Haven't you answered your own question? Come and Get It is a PC power. The burden of description falls primarily on the player. The PHB (somewhere around p 60) states that the player may characterise the power as s/he sees fit, provided that it coheres with what is going on in the fiction.
Keywords are a different matter again. "Fire" as a keyword means fire. Heat. Burning. This is what tells us that fire spells can set things on fire whereas weapon attacks cannot. There is a discussion to this effect somewhere in the DMG, I think around p 40 (where it talks about attacking objects).
Shifty is an NPC (kobold) power. Why would a GM who is wondering "What is a kobold, and what is going on when it shifts as a minor action?" ignore the word used, and the implied description? Of course it's the GM's prerogative to reskin, but why would a GM who is wondering what the original skin is ignore what is stated?
:If those terms have meaning within a general context, fine. If not, fine. If you expect to shift from one to another, as needs suit, that's shifty.

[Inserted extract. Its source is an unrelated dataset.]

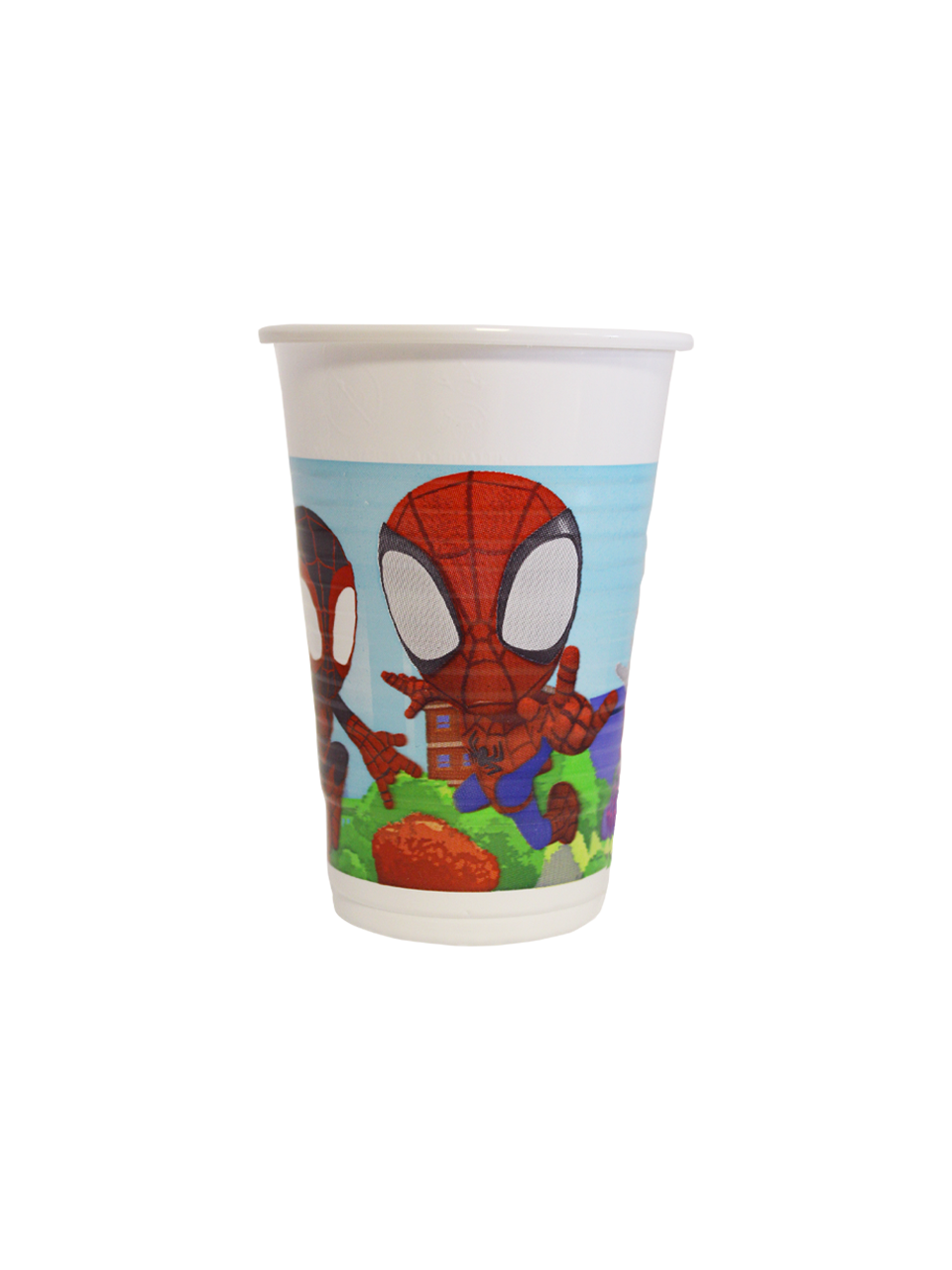 Spidey Temalı Bardak Doğum Günü Plastik Parti Bardağı 8'li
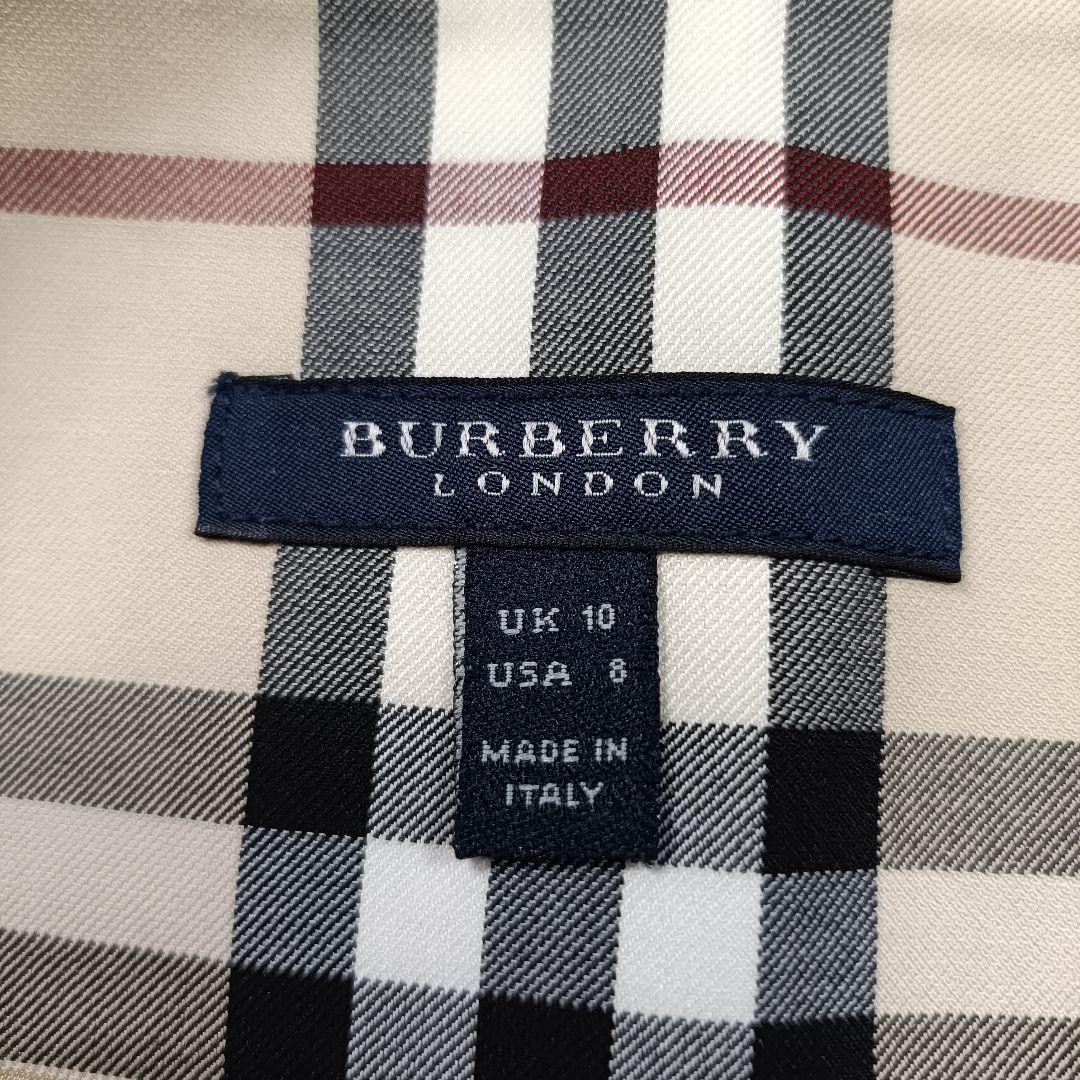 【タグ付き】バーバリー BURBERRY LONDON ノバチェック スカート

I'm confused as to what you think the debate is about. Why would a GM wanting to know what a kobold is like ignore the fact that one of its powers characterises it as shifty? And that the mechanical consequences of that power flesh out what this shiftiness consists in, namely, that it can swarm foes, withdraw from melee easily, etc.
This has nothing to do with whether or not play should grind to a halt when the player of a fighter uses Come and Get It, or knocks a snake prone. Whatever puzzles those situations evoke (which, in my view, are grossly exaggerated - it might be undesirable for some to run a metagame heavy RPG, but the idea of such a thing is hardly puzzling), they don't resemlbe the puzzle of "What is the monster like, and what does it do?"